He felt so stupid for jumping to so many wrong conclusions as he listened to the new tales his rival threaded through the wood. It had been such a simple explanation. He had not thought of it because it would never have occurred to him. It would never have because it dealt with something he no longer knew anything about. It dealt with real life that went on right outside of his small living space. He listened and could not help but feel for the other. He could not help but feel the pressure the other must be under. He heard of exams two weeks in the taking. Such difficult things that he knew he would have ever passed. He would have crumbled under the pressure to succeed and ended up right where he was right now. Listening to someone through a door as they told about a life he would never lead. Exams became need to please parents. He did not have that pressure either. His own parents were done with him. They had given up on him when he had moved to this city to go to university, before he had shut himself away. He was sure they were sure he was dead or barring that, that he was independent and never wanted to see them again. For all purposes, he had no parents to please. Just as he had no friends to go out to bars with and he had no real life to lead unlike the one on the other side of the door.
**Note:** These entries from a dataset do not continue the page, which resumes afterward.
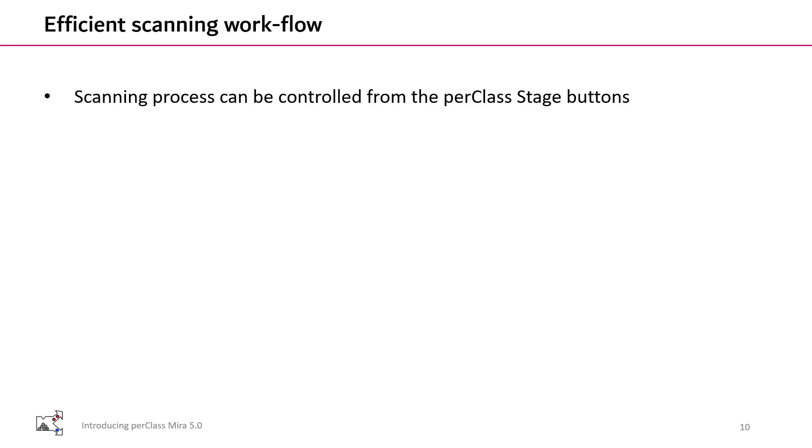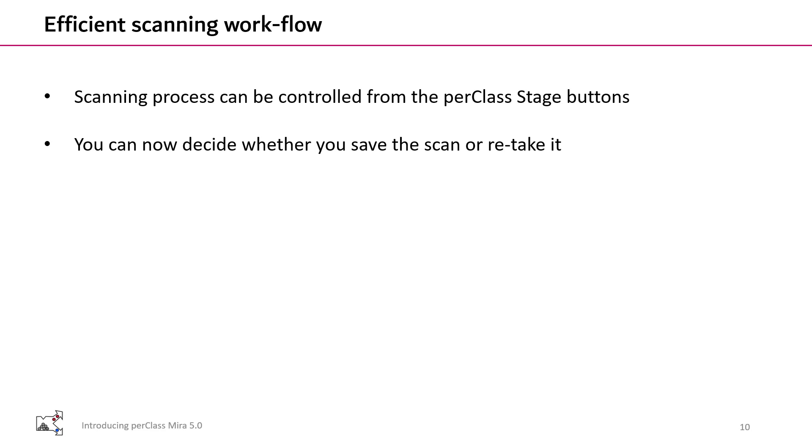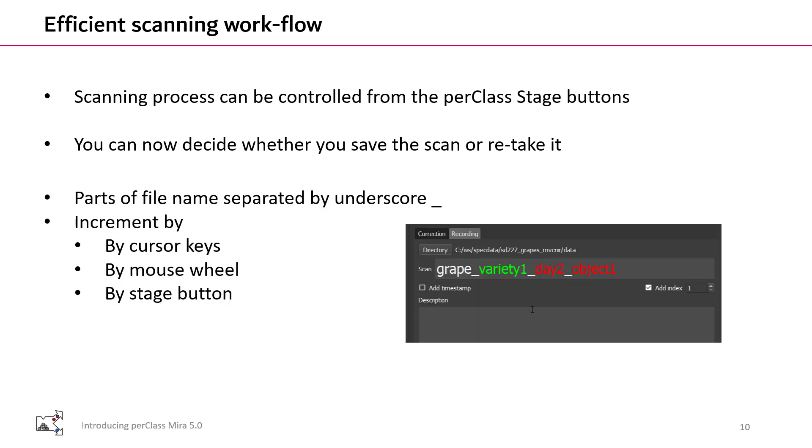The scanning process can be fully controlled from PerClass stage buttons. You can now also decide whether you save the scan or retake it. Parts of filenames can be separated by underscores. These parts can be then easily focused and incremented by mouse wheel, cursor keys or a stage button.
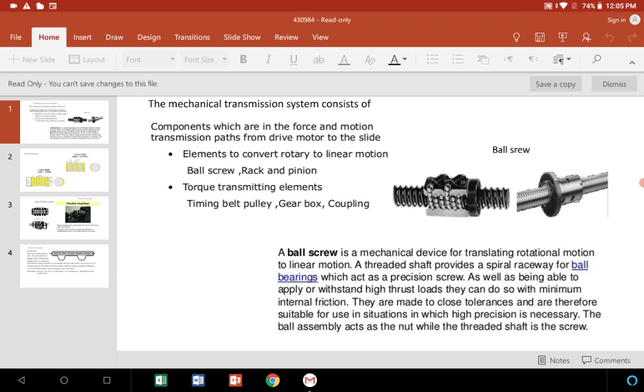The ball assembly or recirculating screw assembly consists of a nut and threaded shaft. The threaded shaft is the screw, and the nut slides or rotates over the threaded shaft.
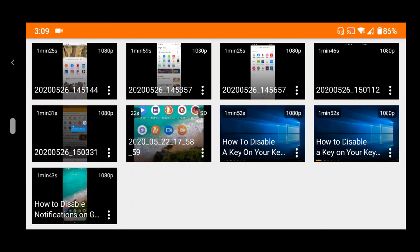Hello, good day and welcome to About Device. Today we'll be learning how to load subtitles and also sync subtitles on VLC Media Player for Android. First of all, launch VLC Media Player and launch the video with it.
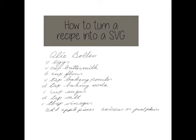Hi, Jessica here with Joyful and Simple Designs. Today I'm going to show you how to upload a recipe as an SVG.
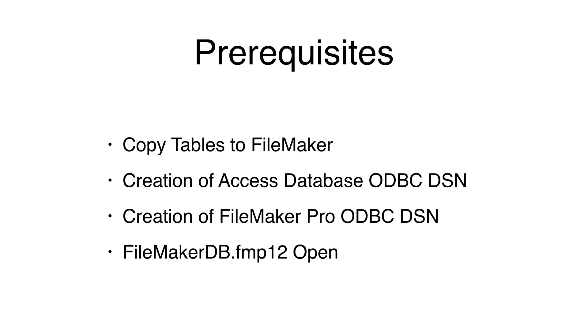The prerequisites for this video include creating tables in the FileMaker database and creating ODBC DSNs from the Microsoft Access and FileMaker database files.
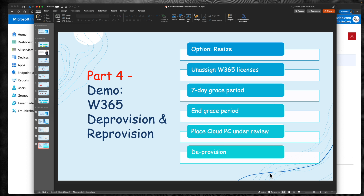That's the end of episode 2 of the Windows 365 Masterclass. In the next episode, I'm planning to create a video on how to build a custom image as part of Windows 365 provisioning. See you in the next one — take care.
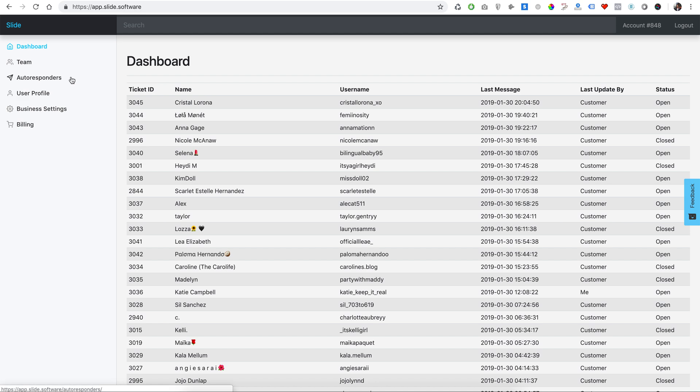And you can set up autoresponders based on keywords. So if someone mentions the word 'shipping,' you can send out an automated message like, 'to track your order, go to this link.' And then you send them a help desk article or some sort of blog article that shows them exactly how to track their order. And you can trigger all sorts of helpful autoresponders.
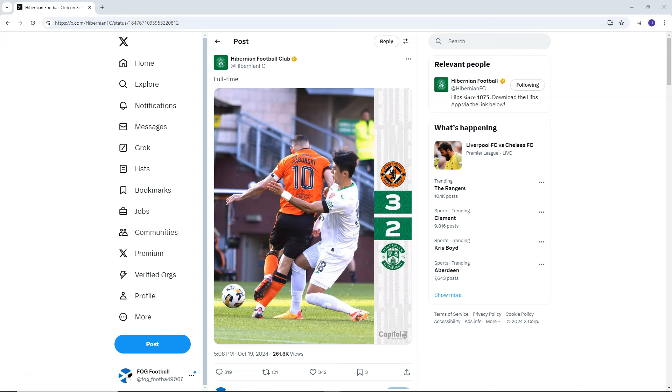Welcome back guys to Fog Football. We're going to look at the reaction of the Hibernian fans to their 3-2 defeat against Dundee United at Tannadice in a game that Hibs well and truly did Hibs in typical fashion, the only way that they truly can.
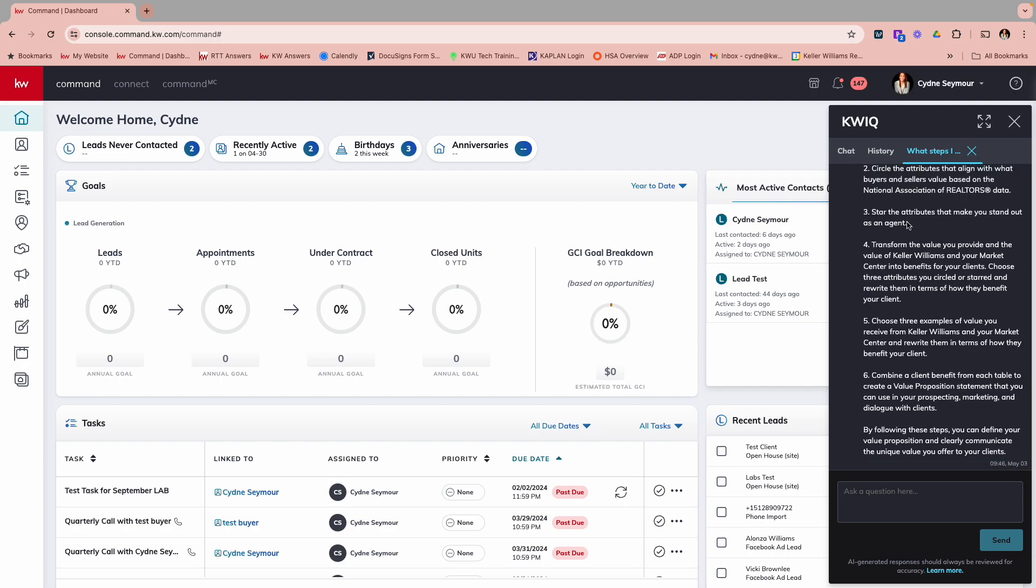From here, I could copy all of this information and then save that. If it was maybe a blog post, I could go in and create that.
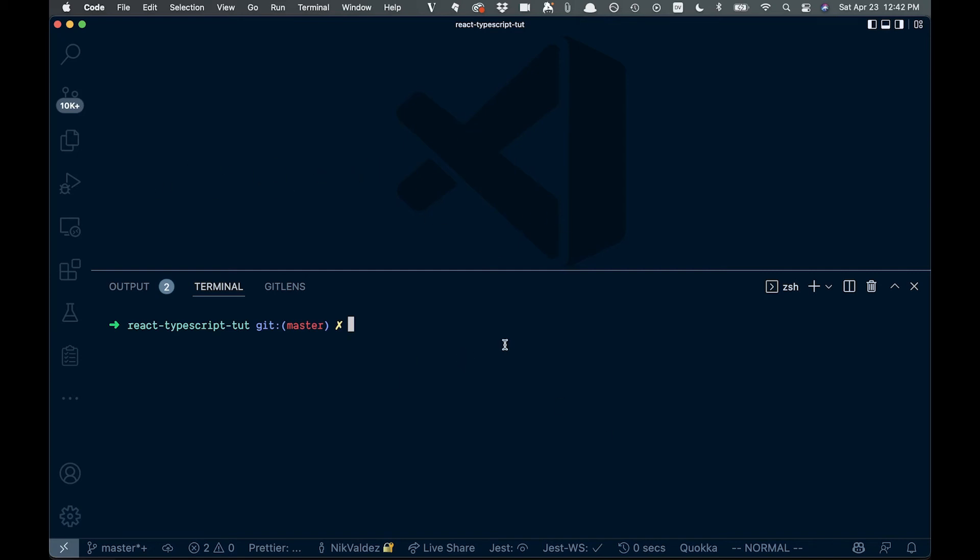But in order to add TypeScript to a project that is not currently TypeScript, we're going to have to do something like this.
But he had not accepted apologies. He did not understand why there were needed. All that matter was that he had not been forgotten. All that matter was that his rival was on the other side of that door. Nothing else really mattered. Not even the fact that the dynamic had somehow changed in that moment. He had not even realized that something had changed the moment he had started talking back, though the door. He had not noticed that first day, or the next, or the one after. It was only after a few days of knocking did he realize what the change was. It was not that he was near the door. He had started approaching long before the disappearance. It was not the others words, those had not change. It was not their continual conflicts upon the net. That was as normal as breathing. It was that he had started talking back though the door. Always, he was shy at first. He never knew what to say. He did not have stories of outside life like his rival had. He could not talk about friends or family or this funny thing he had seen on the way over. He could not talk about the news of the day or about things like that. He could not tell his rival about life outside. He also could not tell him about their shared hobby. Work was not something that was spoken of. It was like a taboo between them. His rival never spoke about work, never once made motion of what they did or how many times they had vied for position on the virtual world. He could not speak of school.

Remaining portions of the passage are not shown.